Goal of the exercise
Retype, without changes, every line from the line that contains "慢性化脓性中耳炎(6)_第14页" through the final line of the records. Exclude pictures.
╭─ Data records
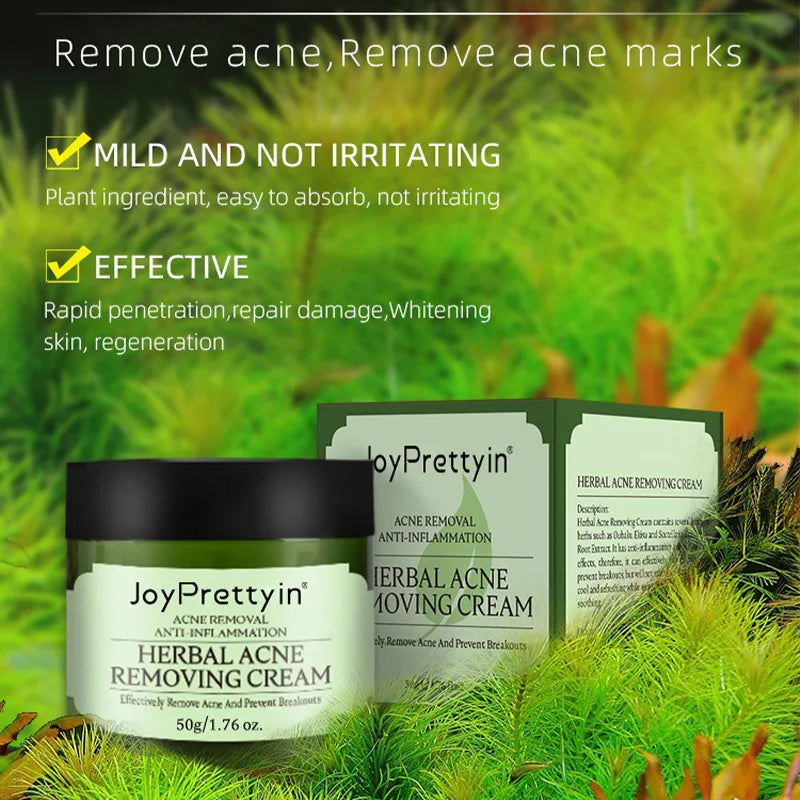 Natural Moisturizing Acne Treatment Cream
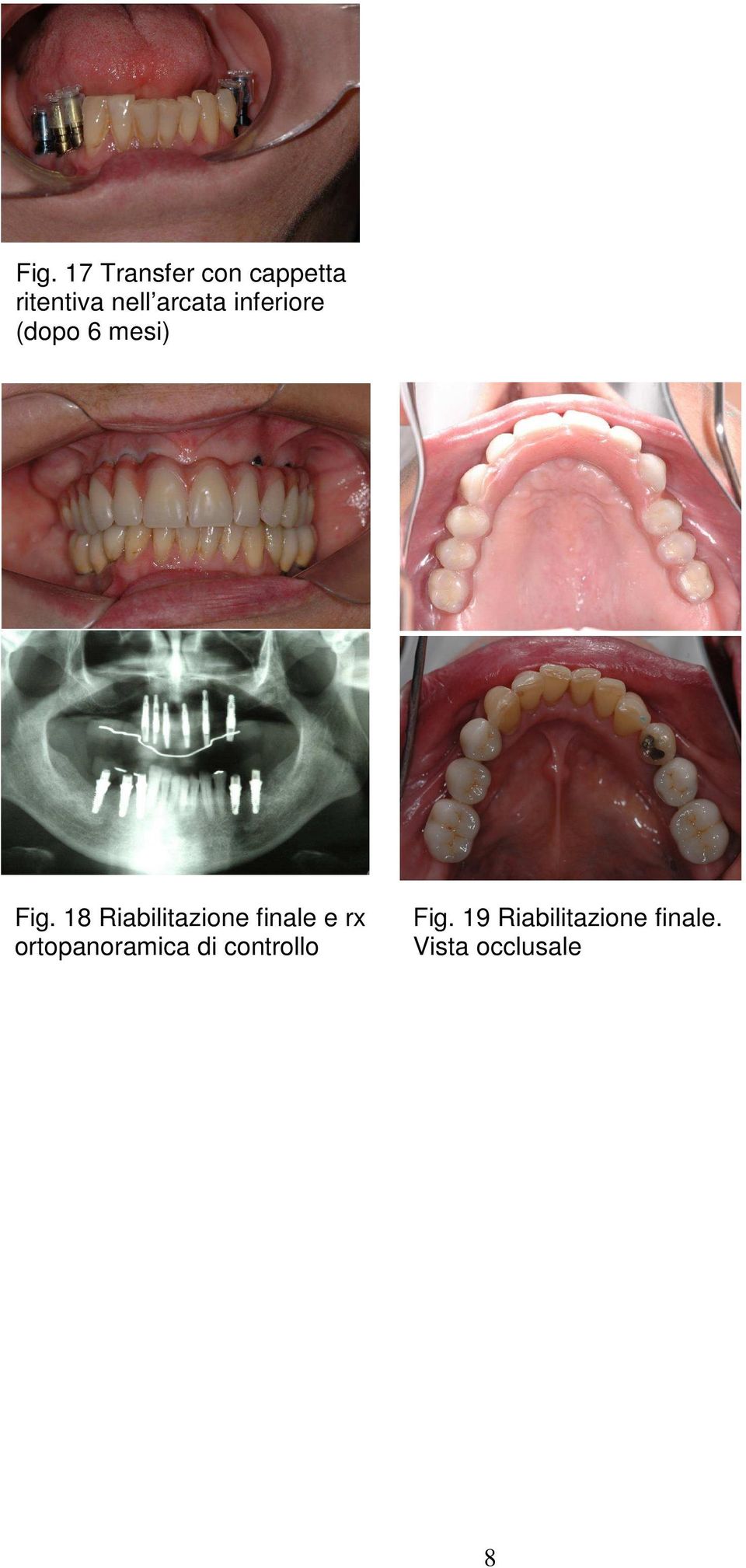 18 Riabilitazione finale e rx ortopanoramica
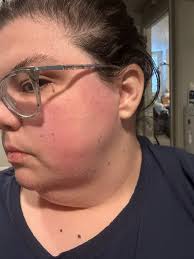 I think this is the only ICP group I'm in, so I'm going to ask here.. Has  anyone or their kiddos been treated differently or judged wearing their ICP  gear out? We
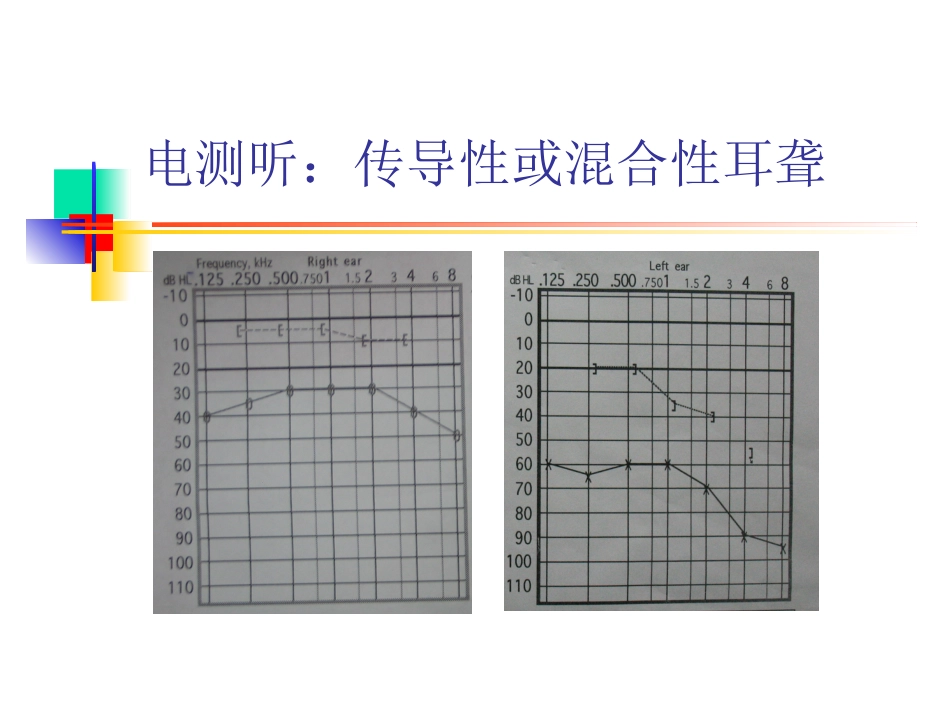 慢性化脓性中耳炎(6)_第14页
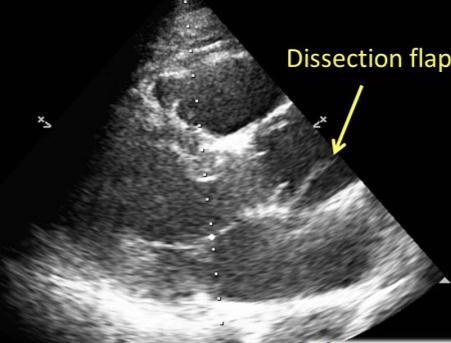 Echo TTE-TOE Intimal flap (TTE-TOE) Extent of dissection (TTE-limited TOE) TTE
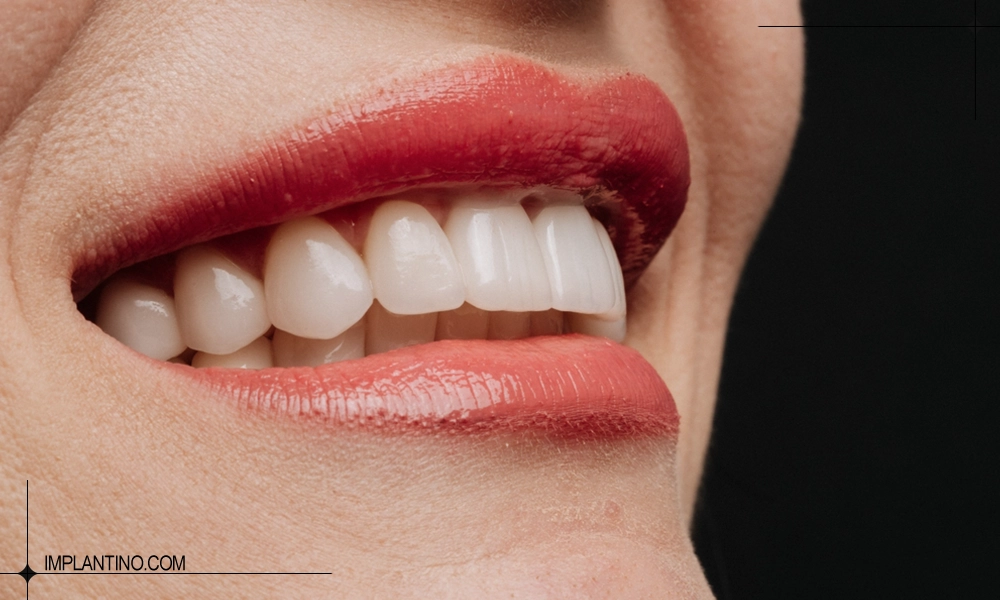 روند جوش خوردن ایمپلنت دندان چگونه خواهد بود؟ 1 عکس جوش خوردن ایمپلنت دندان جلو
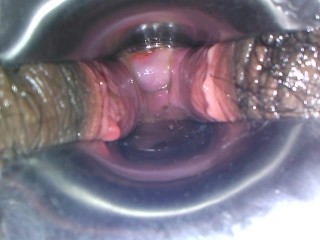 latina thot from new london has a beautiful cervix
╰─
Completed exercise
 慢性化脓性中耳炎(6)_第14页
 Echo TTE-TOE Intimal flap (TTE-TOE) Extent of dissection (TTE-limited TOE) TTE
 روند جوش خوردن ایمپلنت دندان چگونه خواهد بود؟ 1 عکس جوش خوردن ایمپلنت دندان جلو
 latina thot from new london has a beautiful cervix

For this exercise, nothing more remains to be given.